Let’s say we are in the Matrix. We have iPhones, MacBooks, Nutella and StarBucks coffee. I like my Graphic-Tees, my All Stars and Ben Sherman shoulder bag. Free time is filled with Breaking Bad, YouTube media and Pokémon. This is, off course, the blue pill. Choosing the blue pill would mean exactly this: not changing and being able to keep this rather comfortable lifestyle. Perfect.
But then there’s the truth behind it all. An increasingly large dump of garbage because we always want new things. Factories where people die to make my beloved fashion statements. Hours and hours of time that is diverted from doing more urgent things.

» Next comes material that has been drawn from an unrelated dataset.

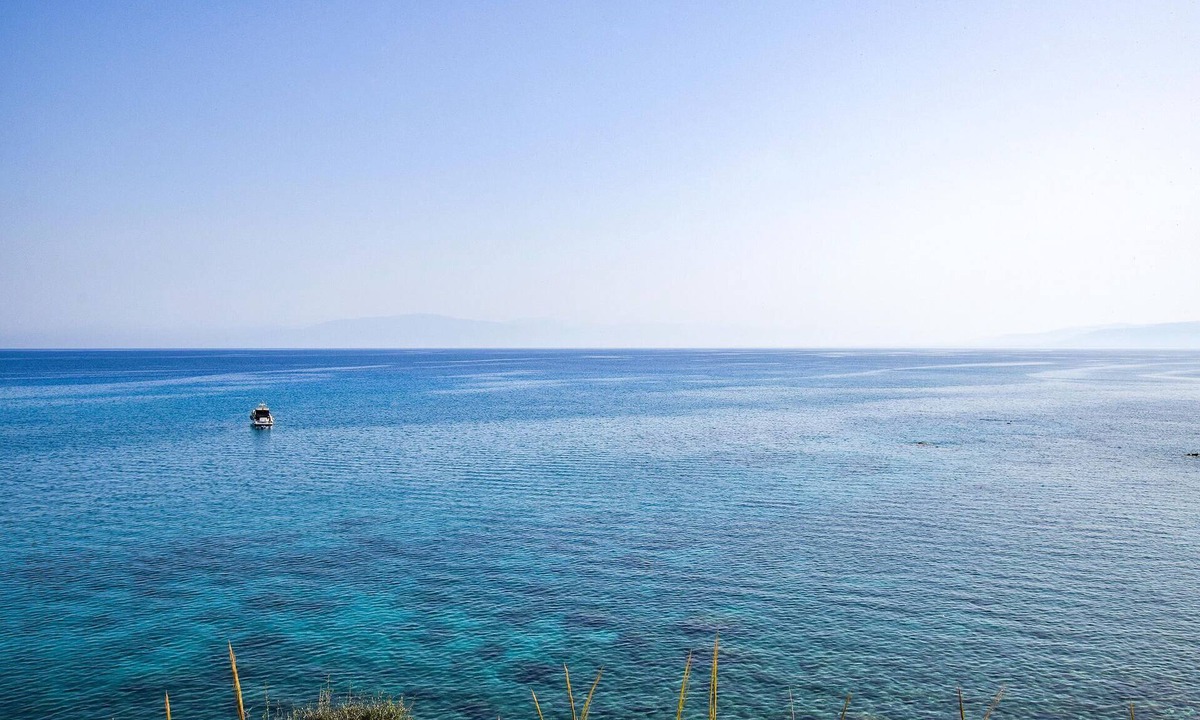 Caminia Apartment | Cozy and charming apartment with garden and sea view.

The red pill shining in all its glory. As Morpheus calls it: ‘the dessert of the Real’. Not the greatest place to be in.
So far the analogy with The Matrix. But there is one very big difference. We are able to KNOW what the truth behind the red pill is. Unlike Neo, who doesn’t know what the truth holds and chooses the red pill, we can see what lies behind that choice and are rather reluctant towards it. The sentiment of choosing the blue pill instead of the red one is understandable. It’s comfortable here, so off course we are reluctant to give it up. Anyone who thinks that we can keep up our matrix without making someone else miserable is fooling himself and others.
A strange thing to note, is that we actually know about this Dessert of the Real that is supporting our society. Thanks to the internet, these things are no longer hidden from us. I’m not saying everyone knows every little thing that is “wrong” with the world, but most people probably have a good general idea. And yet. We do not change. In a way, we ignore the red pill and pretend that we are not making a choice because it is so damn hard. Whilst somewhere, we all know, it is because it is not a fun choice, to give up our comfort. We don’t mind making the world a better place, but if it means making ourselves les comfortable, we rather not think about it to much.
I believe choosing your comfort is a choice you should be able to make. Nothing is stopping you. But you should definitely make the choice, and not just ignore the options. In a very specific way: If you believe everyone should have the same possibilities at surviving in this world and you don’t wish a broken planet upon future generations, that blue pill is not an option. And that, is where a very specific question comes into play. If a big majority of people is not willing to take the red pill, is there any use for activism of any kind? Is it that people do not know the red pill? Or is it that they choose the blue one? Because right now, the Red one is not the popular option.